Make Mother's Day Awesome

Let's get real for a minute. Lots of moms feel less than celebrated on Mother's Day. I know... you try your best to make your wife feel celebrated, appreciated, emancipated...from mom duty. But especially for us moms with littles, it's really hard to turn it off and just relax for a while - even if you say "Take your time!" we rush. If you say "Just relax" we sit down and tap our foot wondering when/who/if breakfast is going to get cleaned up. And if you say "Go shopping! Go do something for yourself!" we go to Target, grab a Starbucks, and end up buying clothes for the kids. True story. So it's up to you, Husbands, to make moms feel special. To give them at least one day a year that they might actually feel like they're not just here to change diapers, feed ever-hungry mouths, and like they might actually be human under all that dry shampoo.

And here's the thing - to do it, you don't have to spend even a penny.

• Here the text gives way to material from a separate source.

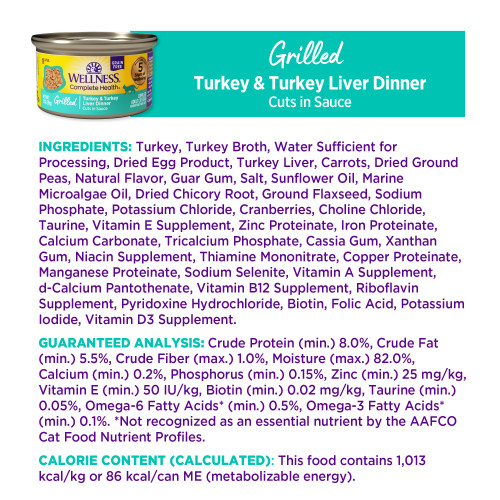 <p>Turkey, Turkey Broth, Water Sufficient for Processing, Dried Egg Product, Turkey Liver, Carrots, Dried Ground Peas, Natural Flavor, Guar Gum, Salt, Sunflower Oil, Marine Microalgae Oil, Dried Chicory Root, Ground Flaxseed, Sodium Phosphate, Potassium Chloride, Cranberries, Choline Chloride, Taurine, Vitamin E Supplement, Zinc Proteinate, Iron Proteinate, Calcium Carbonate, Tricalcium Phosphate, Cassia Gum, Xanthan Gum, Niacin Supplement, Thiamine Mononitrate, Copper Proteinate, Manganese Proteinate, Sodium Selenite, Vitamin A Supplement, d-Calcium Pantothenate, Vitamin B12 Supplement, Riboflavin Supplement, Pyridoxine Hydrochloride, Biotin, Folic Acid, Potassium Iodide, Vitamin D3 Supplement.									</p>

I briefly contemplated a whole gift guide for mother's day but then I realized what I wanted this year wasn't linkable, nor did it cost any money. So you wanna make mother's day great? Here's How.

Don't Make Her Cook... Unless She Wants To

Some people love to cook. I know I love taking time to make fancy pastries but eclaires just typically don't turn out right when I'm distracted by a toddler hanging off my leg. On the other hand... the squares versus triangles debate is getting a little old. So take meal duty off of her plate. Make a nice reservation, pick up doughnuts, order a pizza, and you deal with cutting up 3 meals into teeny tiny unchokable pieces. And if she feels like cooking, which she might, give her some space. And turn on some music for her. And then act like it's the most delicious thing you've ever eaten.

Let Her Sleep In... For Real This Time

Even if she doesn't actually sleep, a quiet morning in bed with hot coffee (real hot coffee! Not microwaved 4 times hot coffee!) sounds so perfect. Or let her sleep in. Take the kids outside, downstairs where she can't hear, whatever. The worst thing ever is trying to sleep in and instead listening to your kids running out and knocking on the door. Let the woman sleep. She hasn't slept since those babes were conceived. She deserves this one, guys. At the very least, give her some quiet. 

No diapers for her. And don't complain about it.

We all know you smell it too. Change the diaper, don't wait until you're asked. Just change it. 

Let her enjoy the high moments and hand off the lows.

We don't want a day without our kids. Most of us don't anyway. We love spending time with our kids! They're the reason we get to be a mom in the first place! I want to spend time with my family this mother's day. What I don't want is the not-so-great moments. Not on Mothers Day. I can attest to the fact that as a mom of toddlers, my day is a roller coaster of overjoyed giggles and happiness combined with melting into the floor tantrums and everything in between, and it can change in an instant. So do her a favor.... let her enjoy the giggles, the fun, the joy. And when it takes a turn for the worse, or when the hanger rears its ugly head, say "I got this." Then actually get it. 

Let her shower as long as long as she wants to

Shaved legs seem to be a luxury to most moms these days. Forget a long, luxurious, hot shower alone. Even if you're probably going to be late to brunch because she's taking her sweet time, she deserves it and it'll make a bigger difference than you may realize. And while you're giving her a long shower, just keep all her bathroom ventures her own without rushing, and without audience. Peeing without an audience? What's that?

And while we're at it, let her do her hair and her makeup and pick out an entire outfit.

Whatever you do - do NOT go to the store to get her flowers and leave her on kid duty solo.

Really? Sorry... I know you mean well... but really? Take the kids. Let them pick something out for her while you're there. Something to do while she sleeps in/showers perhaps? I know this is technically spending money... but $5 flowers never hurt anybody. 

Say thank you.

This whole motherhood thing is a thankless, exhausting (albeit wonderful) gig. It doesn't take any money to go up to her and with complete sincerity, tell her thank you. Tell her she's doing a damn good job (because she is). Tell her she's a great mom, that those kids are lucky to have her, and Happy Mother's Day.

Then do the dishes for her while she takes a nap.

Obviously.

Happy Mother's Day to you, dear mothers. I hope your day is filled with joy, appreciation, and as long a shower as your water heater can manage. And to the husbands that made us moms, thanks for making us moms, and thanks for making us feel extra special on Mother's Day.